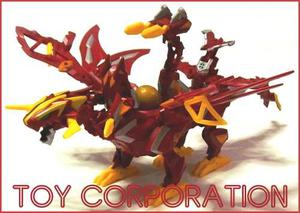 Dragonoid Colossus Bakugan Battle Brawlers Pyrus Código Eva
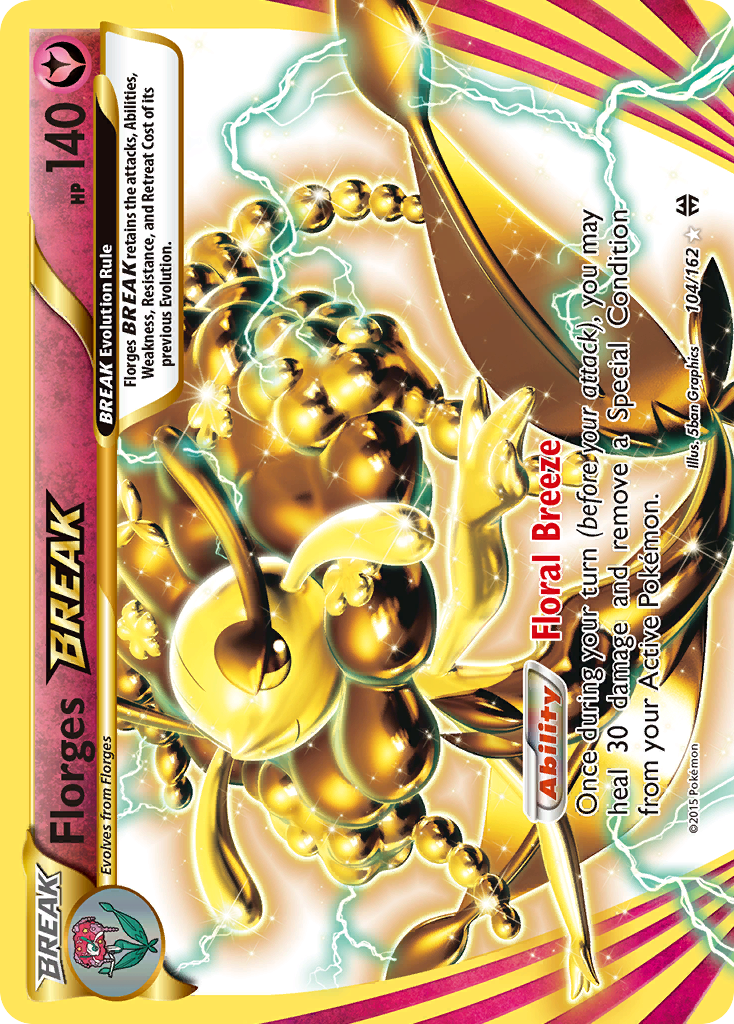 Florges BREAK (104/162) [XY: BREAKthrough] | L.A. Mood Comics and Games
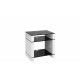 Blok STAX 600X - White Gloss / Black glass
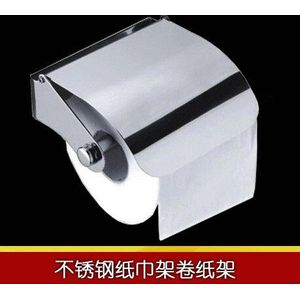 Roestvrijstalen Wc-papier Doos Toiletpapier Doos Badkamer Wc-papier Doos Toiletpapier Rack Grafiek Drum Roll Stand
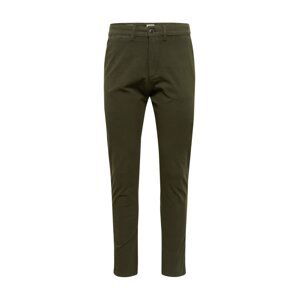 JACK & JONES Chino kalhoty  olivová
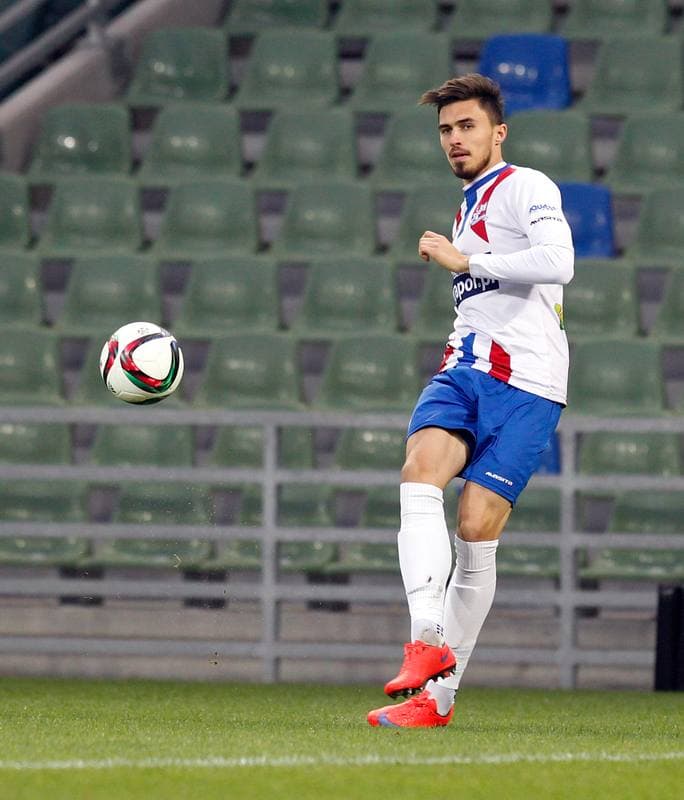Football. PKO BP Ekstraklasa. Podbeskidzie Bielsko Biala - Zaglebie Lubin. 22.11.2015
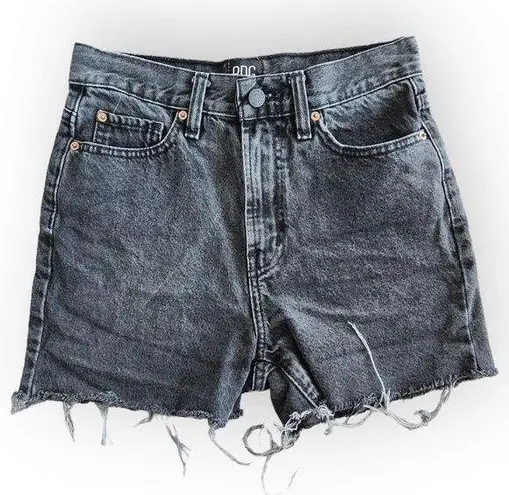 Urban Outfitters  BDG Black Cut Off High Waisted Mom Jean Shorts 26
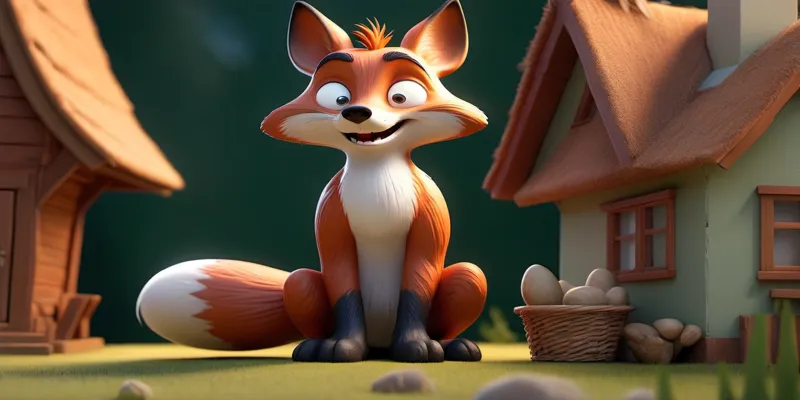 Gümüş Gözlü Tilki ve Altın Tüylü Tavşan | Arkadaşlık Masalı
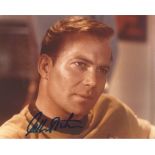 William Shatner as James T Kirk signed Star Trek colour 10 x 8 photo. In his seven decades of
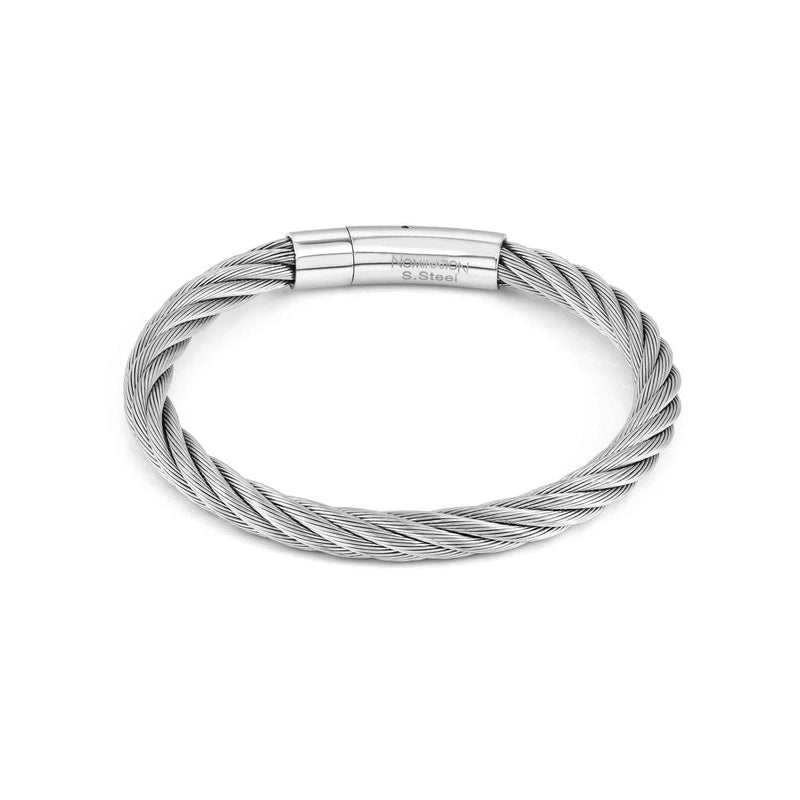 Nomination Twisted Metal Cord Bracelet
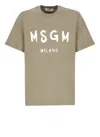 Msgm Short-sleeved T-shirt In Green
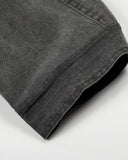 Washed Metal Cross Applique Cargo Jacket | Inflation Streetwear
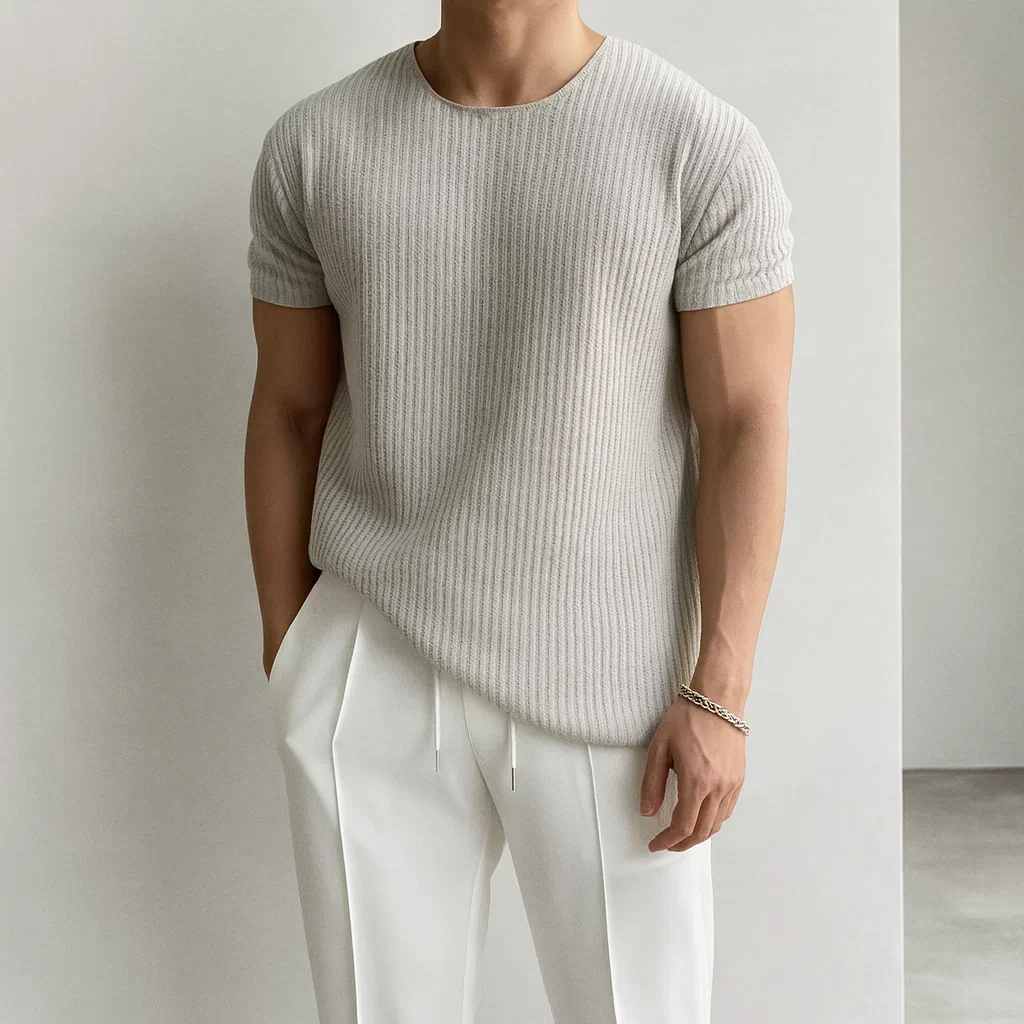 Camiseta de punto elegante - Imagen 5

# # # # #

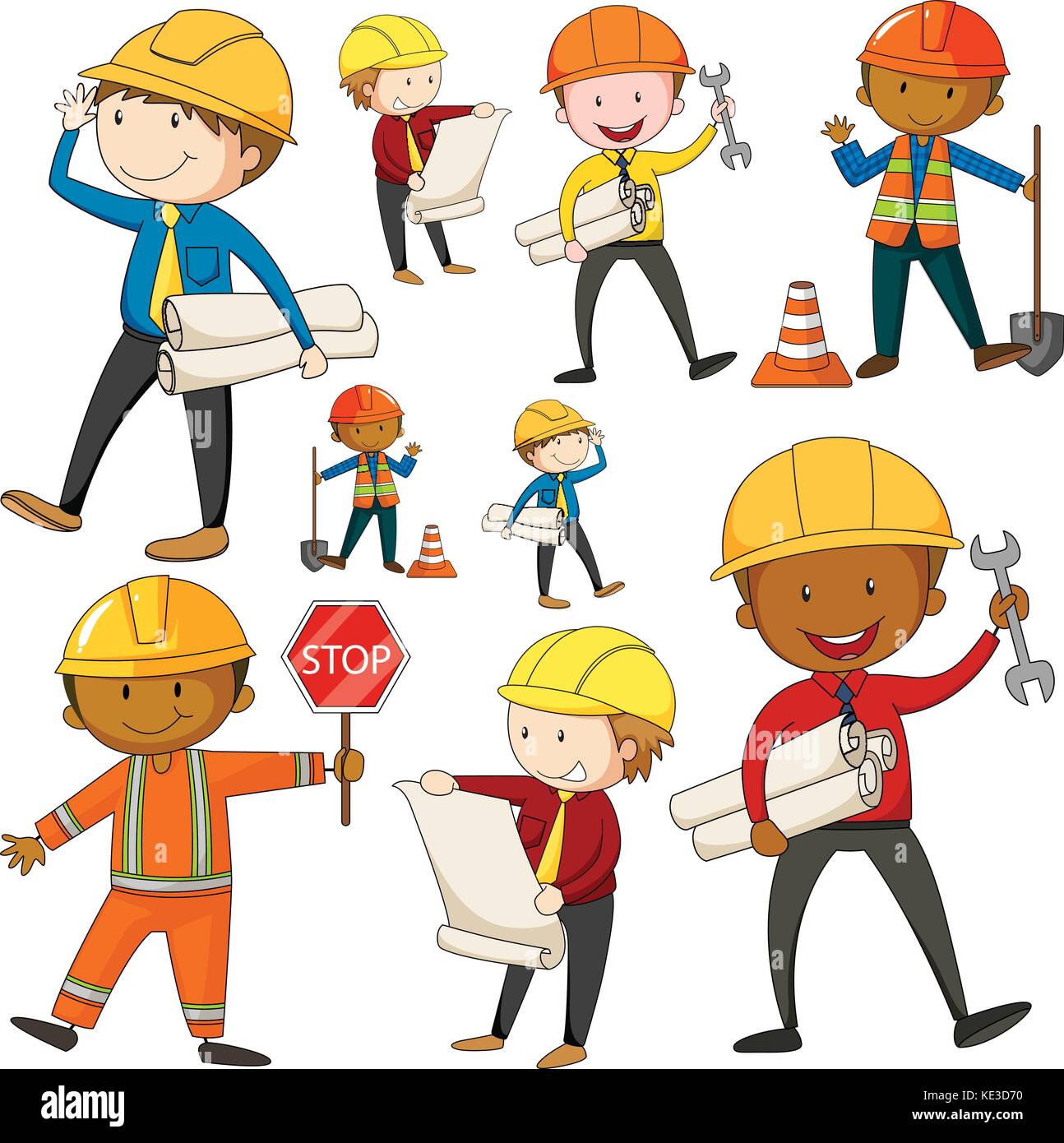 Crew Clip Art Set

# # # # #

■ What you have to do ■
Each line above from the one containing "Dragonoid Colossus Bakugan" through the one containing "JACK & JONES" is to be returned verbatim. Nothing else, and no pictures.

■ Solved exercise ■
 Dragonoid Colossus Bakugan Battle Brawlers Pyrus Código Eva
 Florges BREAK (104/162) [XY: BREAKthrough] | L.A. Mood Comics and Games
 Blok STAX 600X - White Gloss / Black glass
 Roestvrijstalen Wc-papier Doos Toiletpapier Doos Badkamer Wc-papier Doos Toiletpapier Rack Grafiek Drum Roll Stand
 JACK & JONES Chino kalhoty  olivová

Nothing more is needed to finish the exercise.